ABOUT THIS EXERCISE:
The expected result is the full listing, retyped exactly, without a single picture.

INFORMATION GIVEN:
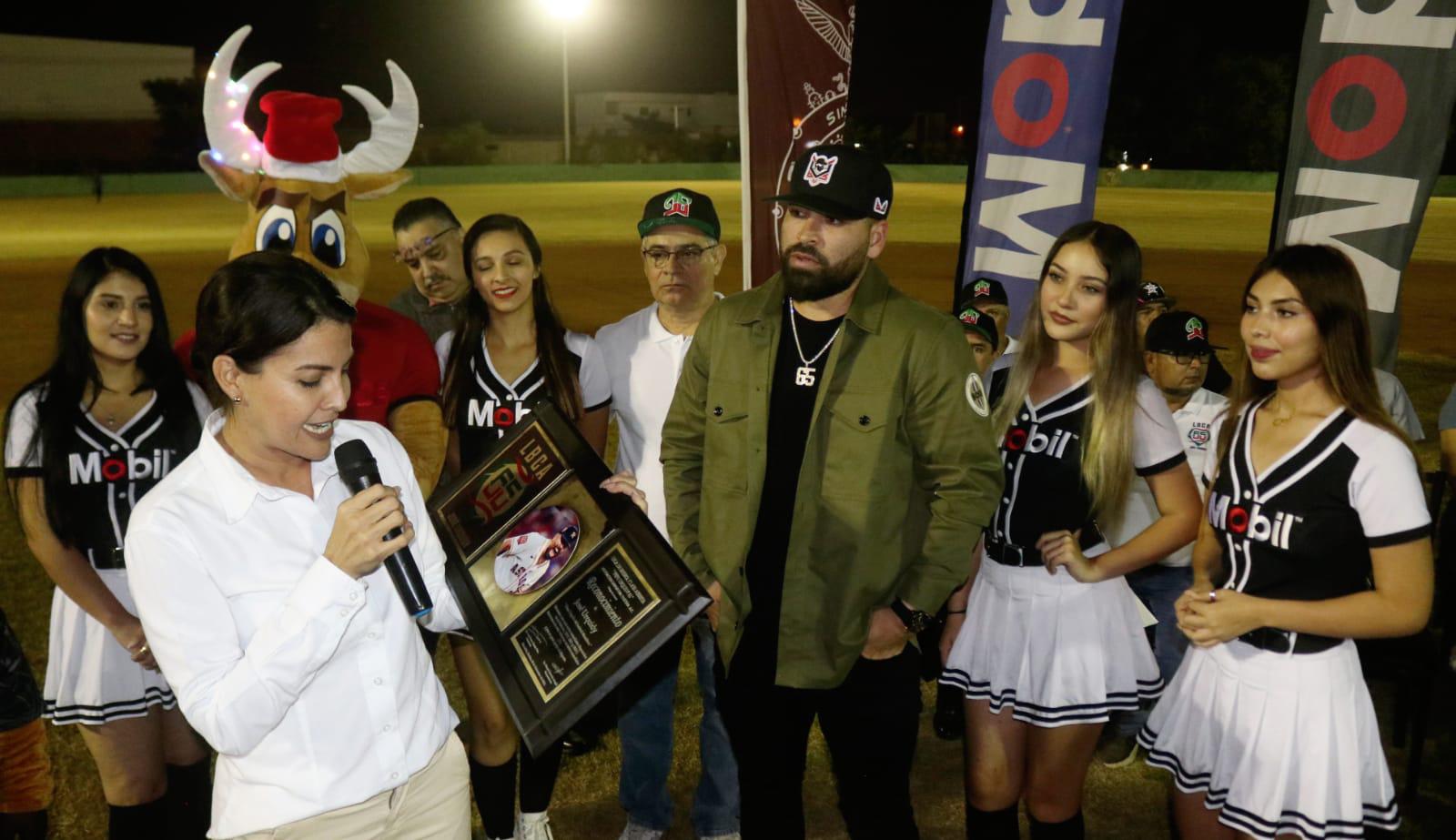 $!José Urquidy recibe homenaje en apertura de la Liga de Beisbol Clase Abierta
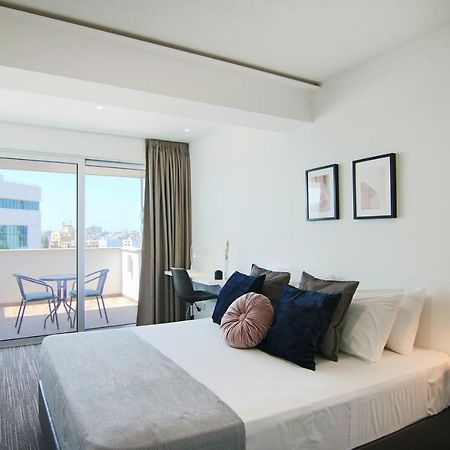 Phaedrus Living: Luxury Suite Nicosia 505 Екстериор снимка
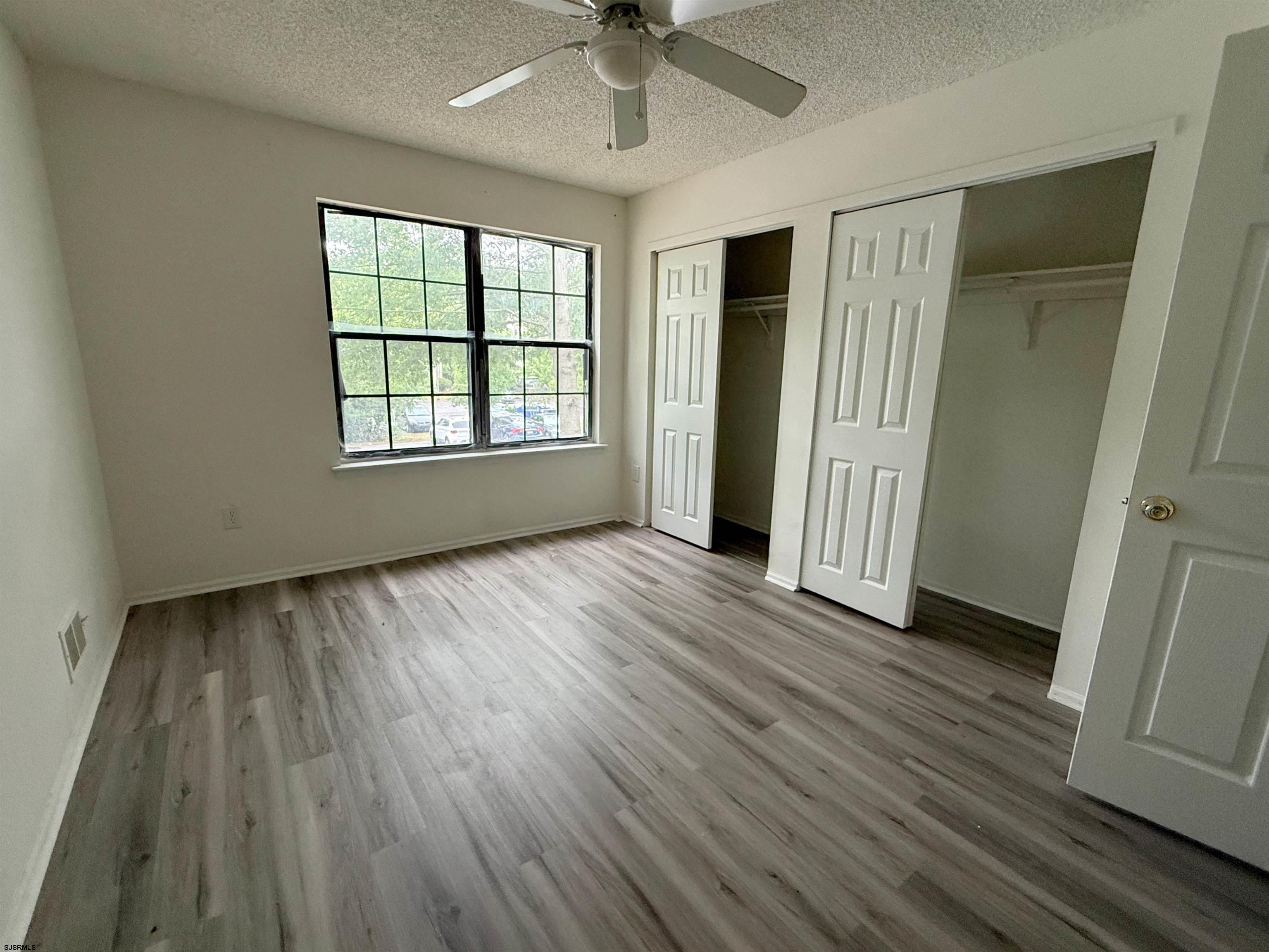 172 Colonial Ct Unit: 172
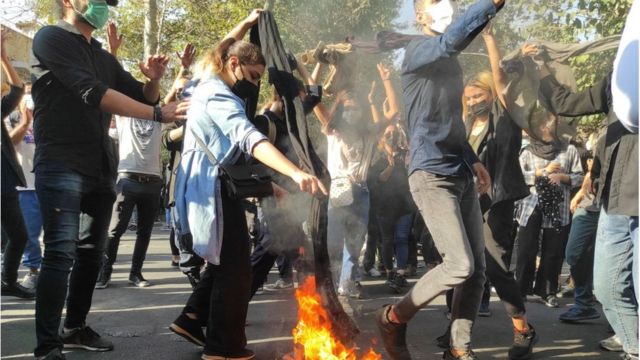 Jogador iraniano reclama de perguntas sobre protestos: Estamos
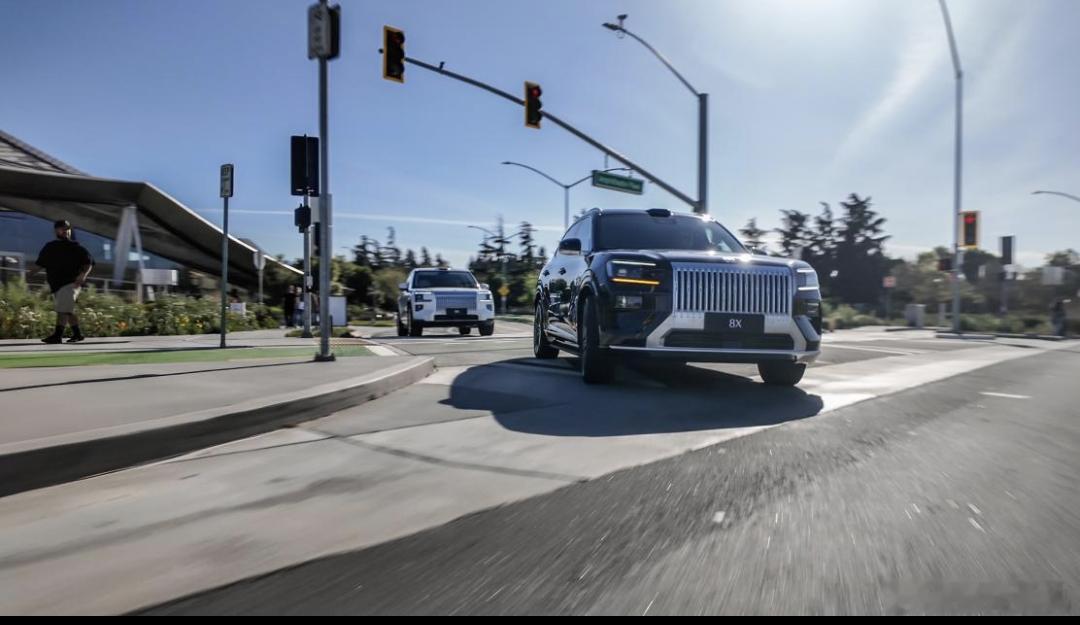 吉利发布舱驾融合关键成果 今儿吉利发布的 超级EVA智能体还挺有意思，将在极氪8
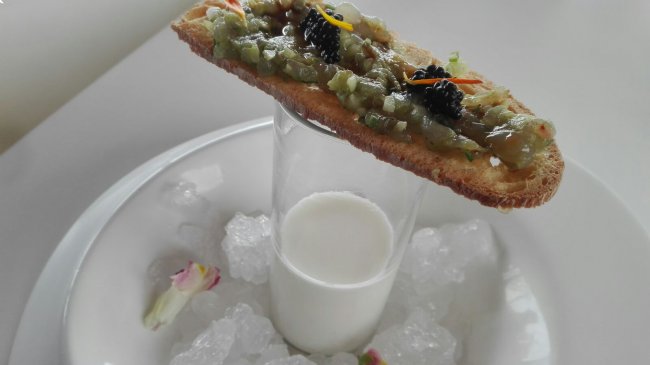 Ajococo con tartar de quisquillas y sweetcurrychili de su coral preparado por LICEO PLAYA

SOLUTION FOR THIS TASK:
 $!José Urquidy recibe homenaje en apertura de la Liga de Beisbol Clase Abierta
 Phaedrus Living: Luxury Suite Nicosia 505 Екстериор снимка
 172 Colonial Ct Unit: 172
 Jogador iraniano reclama de perguntas sobre protestos: Estamos
 吉利发布舱驾融合关键成果 今儿吉利发布的 超级EVA智能体还挺有意思，将在极氪8
 Ajococo con tartar de quisquillas y sweetcurrychili de su coral preparado por LICEO PLAYA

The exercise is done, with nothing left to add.